Data
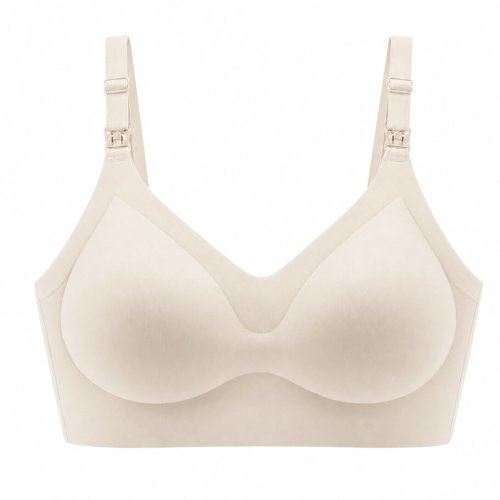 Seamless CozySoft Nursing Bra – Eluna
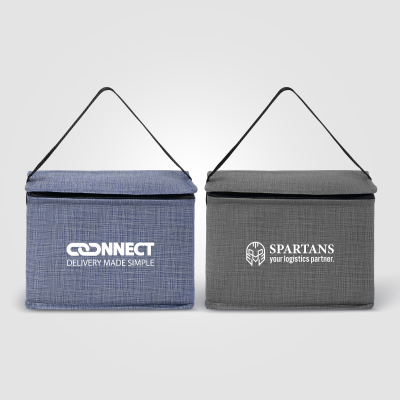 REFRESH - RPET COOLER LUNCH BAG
--
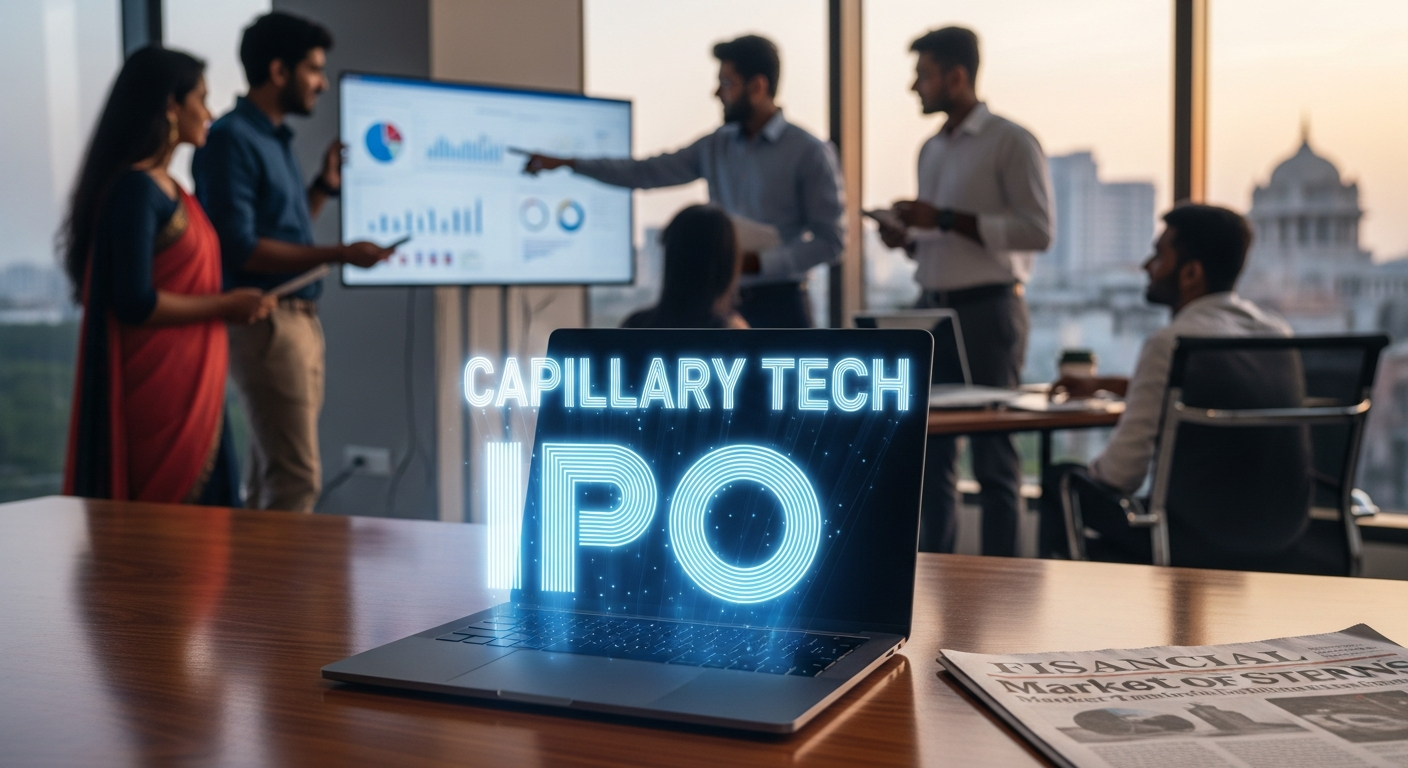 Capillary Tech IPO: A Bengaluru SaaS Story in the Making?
---
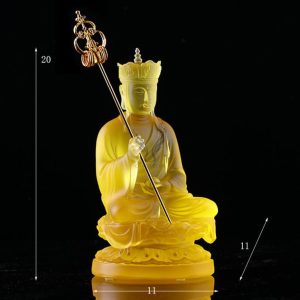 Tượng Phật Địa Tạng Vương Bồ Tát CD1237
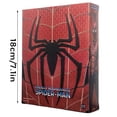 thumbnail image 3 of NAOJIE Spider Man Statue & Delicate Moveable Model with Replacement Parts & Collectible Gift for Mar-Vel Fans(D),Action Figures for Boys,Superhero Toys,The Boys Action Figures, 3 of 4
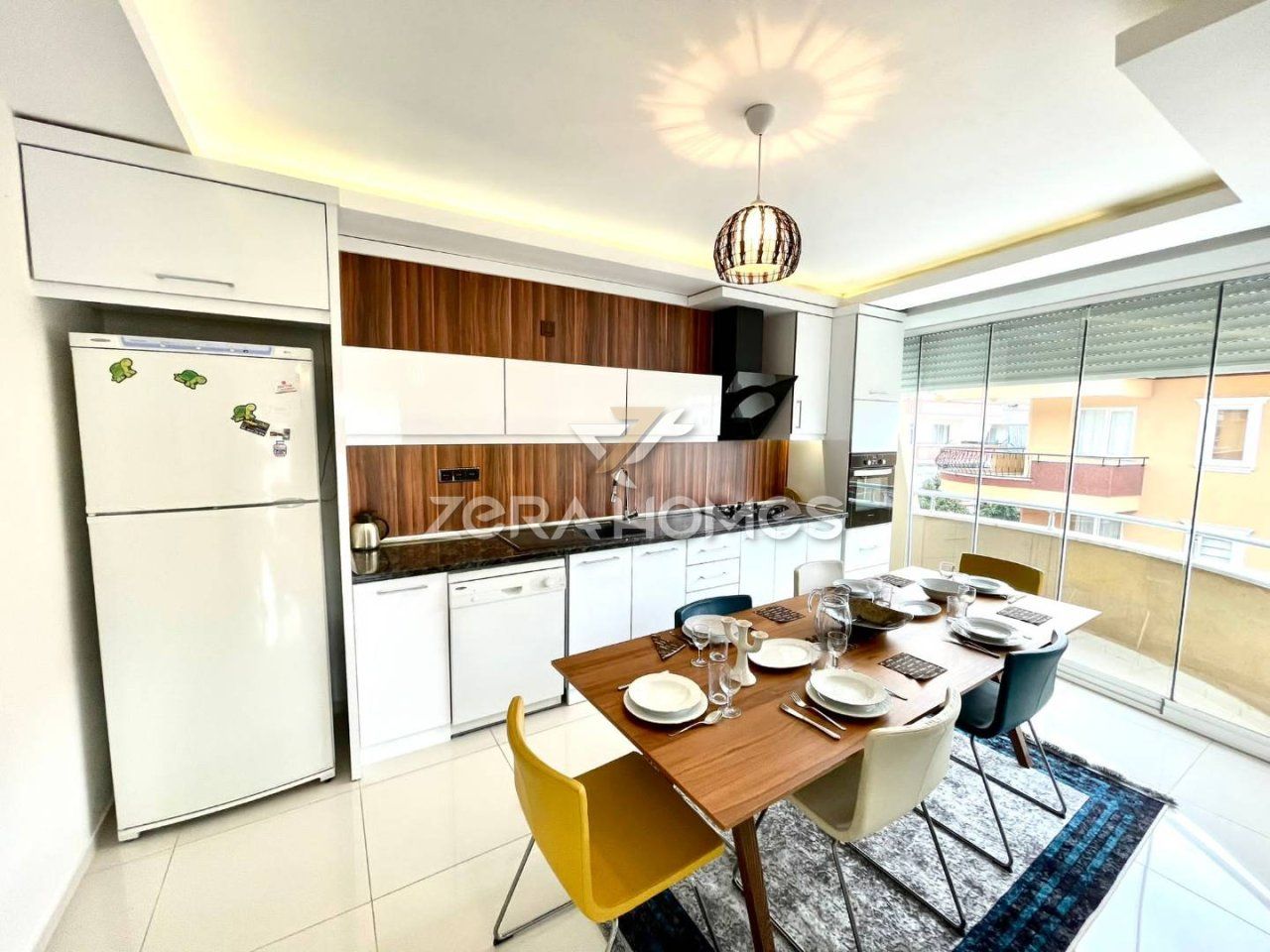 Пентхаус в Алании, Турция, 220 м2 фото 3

What is being asked
Your answer must be the lines above from the one holding "Seamless CozySoft Nursing Bra – Eluna" up to and including the one holding "REFRESH - RPET COOLER LUNCH BAG", exact and with no pictures.

Your response
 Seamless CozySoft Nursing Bra – Eluna
 REFRESH - RPET COOLER LUNCH BAG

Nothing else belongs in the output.